While reviewing a client’s traffic and keyword reports for April, a strange peak in their site’s visitor trends caught my attention. Towards the middle of the month, their traffic increased dramatically, then returned to its normal pattern. No new content had been added to their site during that time, no newsletters were sent out, and their last blog post of March 31 would, if anything, have shown a more immediate increase in traffic within the first few days afterward, not 16 days later.

So, I revised the keywords for those days during which traffic soared, and realized that a significant amount of the terms by which traffic was reaching the site were not related to the client’s industry whatsoever (unless you stretch your imagination a little).

The client in question is a life coach in London, providing additional consultations in Barcelona & Madrid. The site is optimized and positioned for ‘life coach’ and ‘life coaching’ in these three cities so as to reach those particular audiences.

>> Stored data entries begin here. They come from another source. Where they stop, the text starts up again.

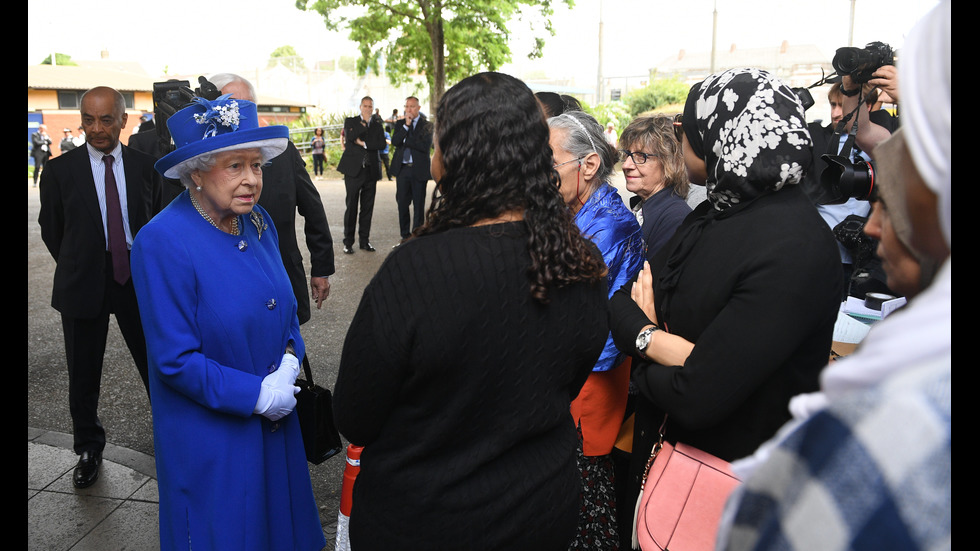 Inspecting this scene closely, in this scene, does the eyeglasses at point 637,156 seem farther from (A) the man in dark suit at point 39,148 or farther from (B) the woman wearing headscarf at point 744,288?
(A) the man in dark suit at point 39,148

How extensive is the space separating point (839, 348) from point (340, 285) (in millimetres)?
6049

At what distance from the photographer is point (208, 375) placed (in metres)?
2.11

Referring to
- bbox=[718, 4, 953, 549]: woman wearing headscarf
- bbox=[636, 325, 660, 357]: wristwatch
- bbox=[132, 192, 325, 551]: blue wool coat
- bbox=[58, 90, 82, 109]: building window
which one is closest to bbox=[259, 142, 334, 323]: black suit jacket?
bbox=[132, 192, 325, 551]: blue wool coat

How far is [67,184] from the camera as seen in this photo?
362 cm

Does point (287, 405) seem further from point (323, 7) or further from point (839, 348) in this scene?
point (323, 7)

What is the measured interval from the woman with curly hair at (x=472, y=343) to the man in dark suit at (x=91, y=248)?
8.94ft

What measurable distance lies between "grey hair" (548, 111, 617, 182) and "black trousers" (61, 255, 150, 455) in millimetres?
2571

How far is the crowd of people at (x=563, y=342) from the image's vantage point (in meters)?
0.69

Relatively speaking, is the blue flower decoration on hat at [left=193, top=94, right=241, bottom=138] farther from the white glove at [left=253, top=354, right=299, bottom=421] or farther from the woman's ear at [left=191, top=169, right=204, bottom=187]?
the white glove at [left=253, top=354, right=299, bottom=421]

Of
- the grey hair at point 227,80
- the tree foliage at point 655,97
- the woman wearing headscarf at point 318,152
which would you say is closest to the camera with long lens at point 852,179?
the grey hair at point 227,80

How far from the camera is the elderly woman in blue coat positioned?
212cm

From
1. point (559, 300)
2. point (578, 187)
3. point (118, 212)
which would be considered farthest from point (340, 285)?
point (559, 300)

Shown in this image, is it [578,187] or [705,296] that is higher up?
[578,187]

Now, generally people in England travel by ‘coach’, not by ‘bus’ (this is where the language cross-over potentially affects traffic). So on occasion, I’ve noticed random visits from people searching for ‘coaches from london to barcelona’ filter through to the website – so few they were of no real consequence, and somewhat inevitable by the sheer nature of how search engines can regurgitate their own keyword references by which to rank a given page.

Then I remembered that the volcanic eruption in Iceland occurred mid-April, and realised that during those days, when travellers in Europe were unable to travel by air and resorted to travelling by land, the resulting traffic to our client’s site was in fact a direct correlation in related searches for ‘coaches from london to spain’, ‘coaches from barcelona to london’ or ‘coaches madrid to london’. Obviously a coach with wheels and a coach with a plan of action will get you from A to B somehow… yet this was not the kind of traffic our client was looking for. The volume of demand to cover that isolated need, however, temporarily outweighed the searches for our client’s specific offering.

This simply goes to show that no matter how well optimized your site may be for your particular industry, if your terms are similar to those of another kind of service, you may still get undesired traffic that may send clouds over your results (pun intended).